I was at American Defense Manufacturing for about 9 months, then got an offer to go to the now defunct War Sport. I was there for about a year doing some sales, but they had some management changes and downsized a lot of people, so I had to make a quick lateral move. Thankfully, there was a position available at Raven Concealment, so I went and worked sales there…and I really enjoyed that.
I then left Raven Concealment and went to Knight’s Armament. I did Knight’s for just under two years and I absolutely loved it. It was kind of like the pinnacle for me. When I started out, I wanted to work at Knight’s or FN, someone who was the full manufacturer of everything they do…so yeah, it definitely felt like the top of the mountain. But I left there because I am now trying to pursue a career in law enforcement.
Now recently, I did do some work for a silencer company, and then I shifted to doing some vendor relations and special projects for an online firearms distributor..and I am super happy. I get to spend more time with wife, which is super important to me.
“the thing I take away from all of it is the people”
I turned 30 and a lot of me changed. I had worked at a lot of cool jobs, but the thing I take away from all of it is the people. Most people don’t ever get to see the people behind the scenes that make all these products incredible. I’ve been very blessed to see them at every level, and really get to meet amazing people…guys like Ash Hess, Jack Leuba, there’s just so many incredible humans that work at all these companies.

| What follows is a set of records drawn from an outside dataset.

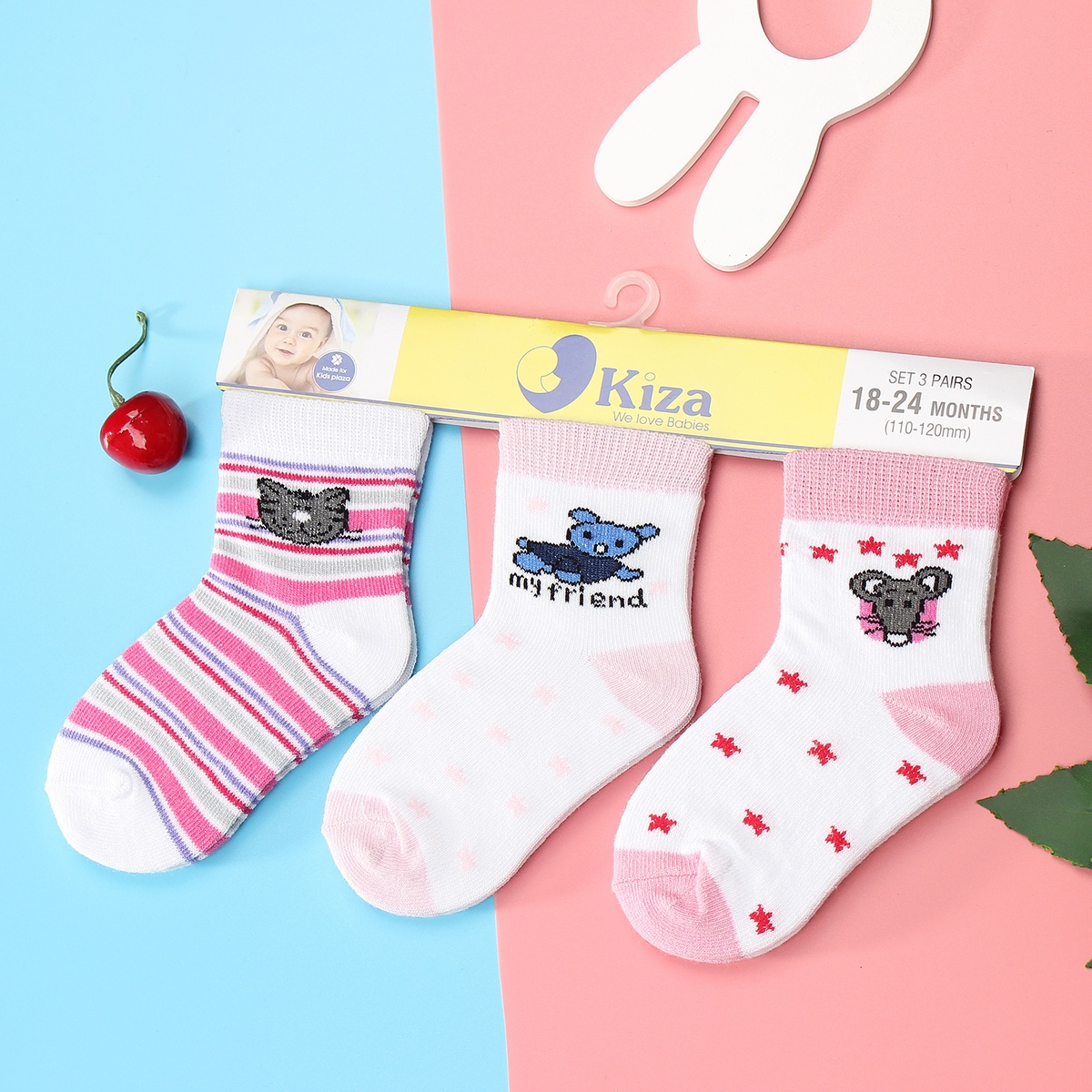 Tất sơ sinh Kiza 2018bss-565 set 3 đôi (6M-5Y)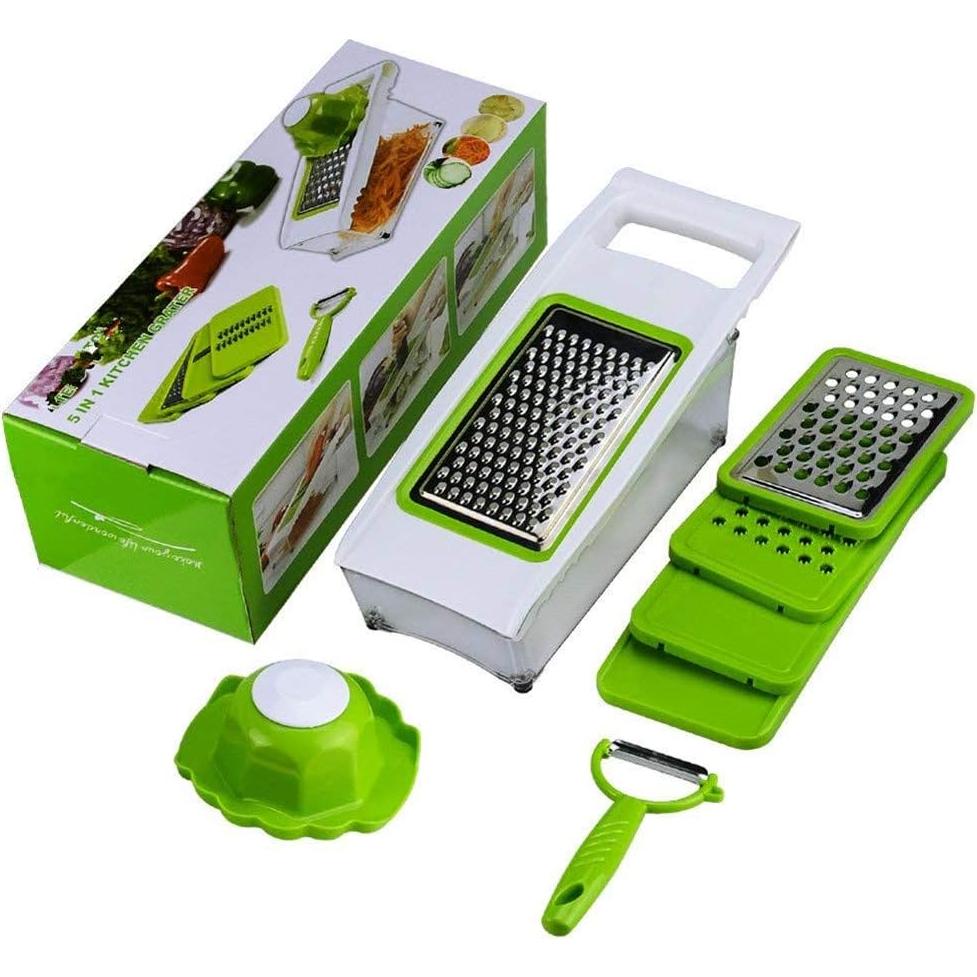 Cortador de Mandolina HaetFire 5 en 1 con 5 Cuchillas Intercambiables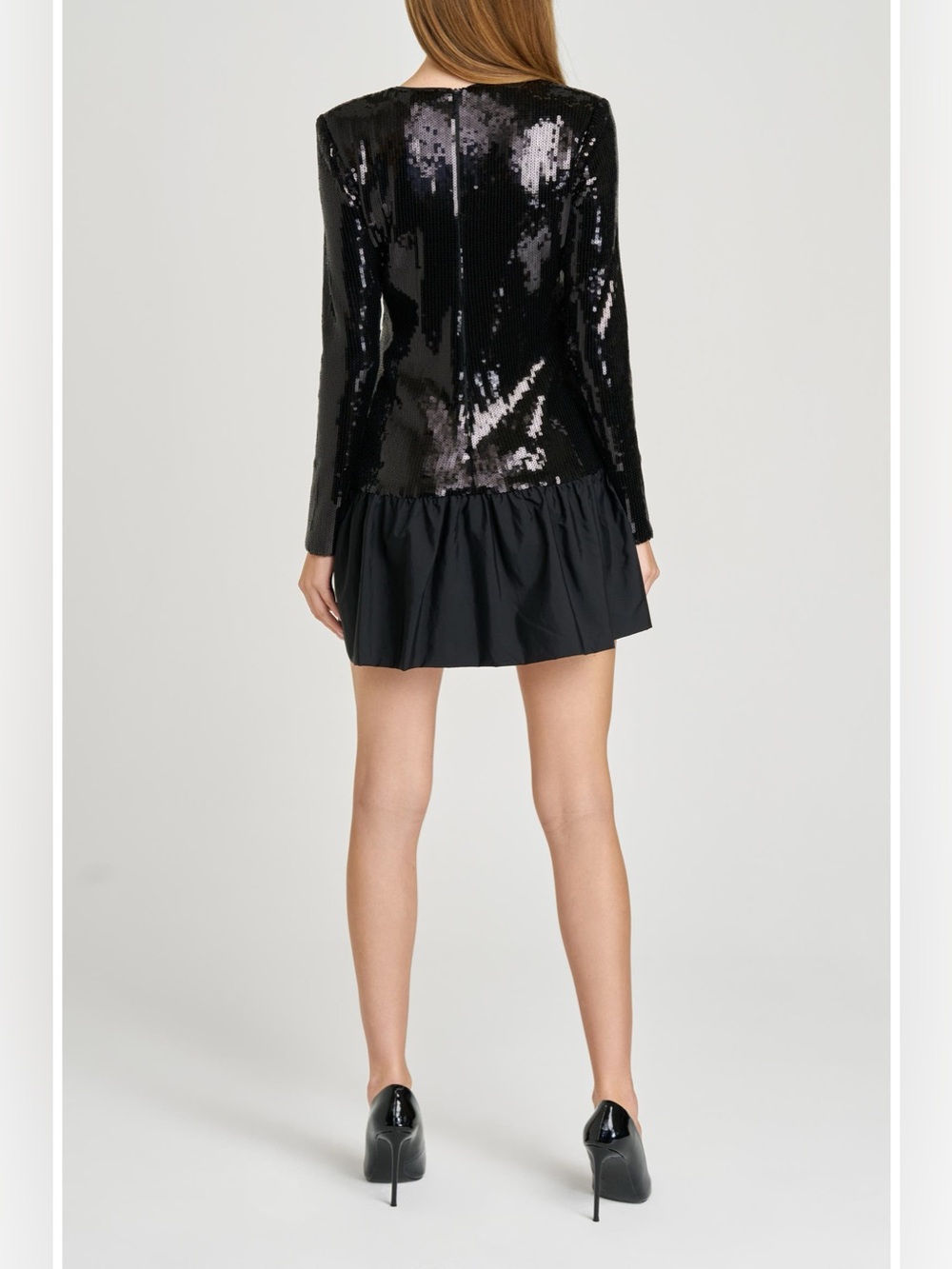NEW Wayf Black Maddie Long Sleeve Sequin Minidress S - Picture 2 of 13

Looking back, I just decided, for ten years, to be a nomad, and jump around from job to job to job. It’s not something I’d recommend to most people, as it’s not great for stability, but I am happy where it has taken me and the opportunities it has provided for me. As for today, I’m just so happy working 9-5 and enjoying my life, being a mod at Primary & Secondary, traveling to shoot matches, spending time with my wife and being home with my dogs.
Q: You’ve worked for enough places, I’d love your opinion on what makes a great company?
Adam Pini: It’s the fine details. Everything from clean, machined lines to how company personnel interfaces with customers. It’s not a single thing, it’s the entire picture.
If you look at “The Last Supper” it’s everything within that painting that makes it beautiful. It’s the same thing with a company. If the people care and they love to be there, you see good products come out of that.
You can have all the money in the world, but if you don’t have passionate people building them, doing the R&D and engineering, selling them, marketing them…you lose that organic beauty within what the company and products are.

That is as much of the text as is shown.